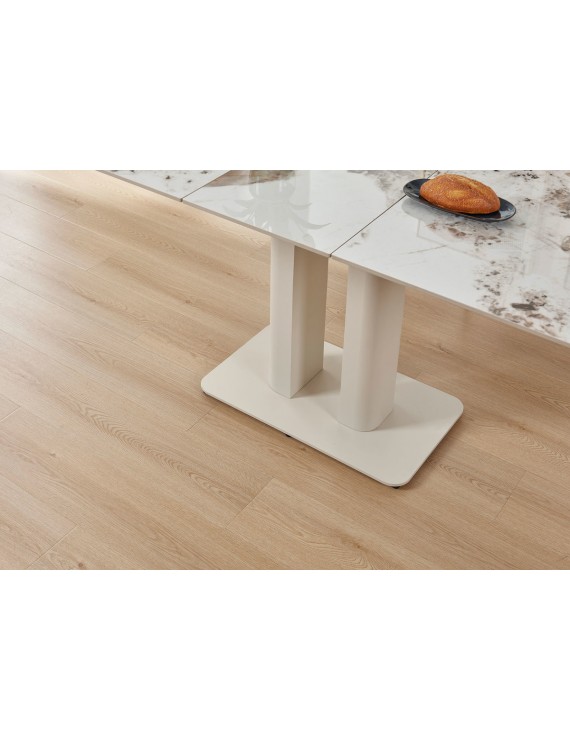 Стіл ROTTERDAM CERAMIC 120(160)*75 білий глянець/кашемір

════════════════════

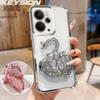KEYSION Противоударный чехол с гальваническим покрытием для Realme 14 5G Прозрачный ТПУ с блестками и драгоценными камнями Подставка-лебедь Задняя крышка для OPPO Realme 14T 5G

════════════════════

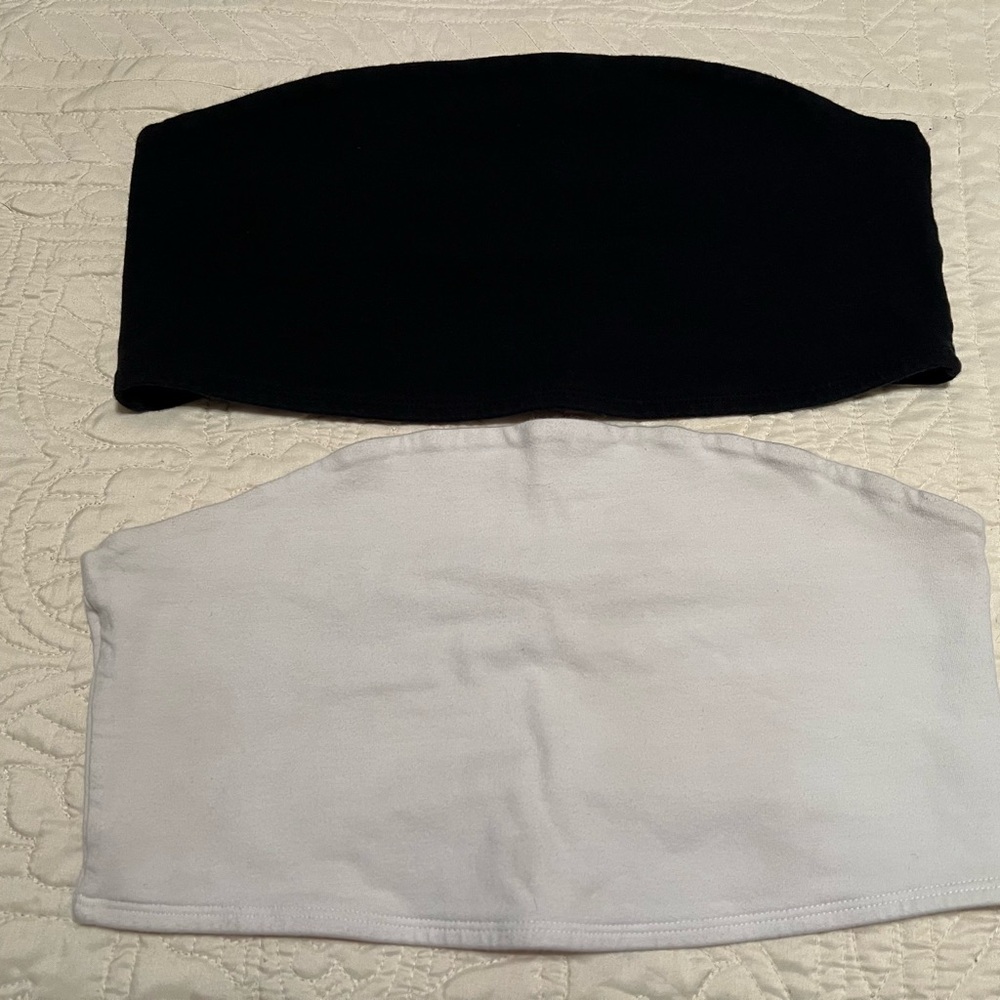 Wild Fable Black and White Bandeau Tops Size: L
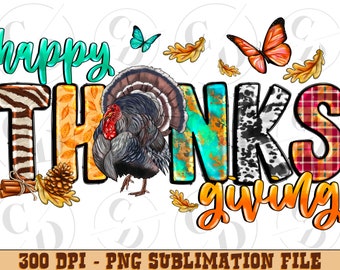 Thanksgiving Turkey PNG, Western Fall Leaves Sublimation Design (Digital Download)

════════════════════

EXERCISE INSTRUCTIONS:
In the listing above, find the line holding "Wild Fable Black" and the line holding "Thanksgiving Turkey PNG, Western". Reproduce those two lines and all between them exactly, leaving out pictures.

ANSWER AREA:
 Wild Fable Black and White Bandeau Tops Size: L
 Thanksgiving Turkey PNG, Western Fall Leaves Sublimation Design (Digital Download)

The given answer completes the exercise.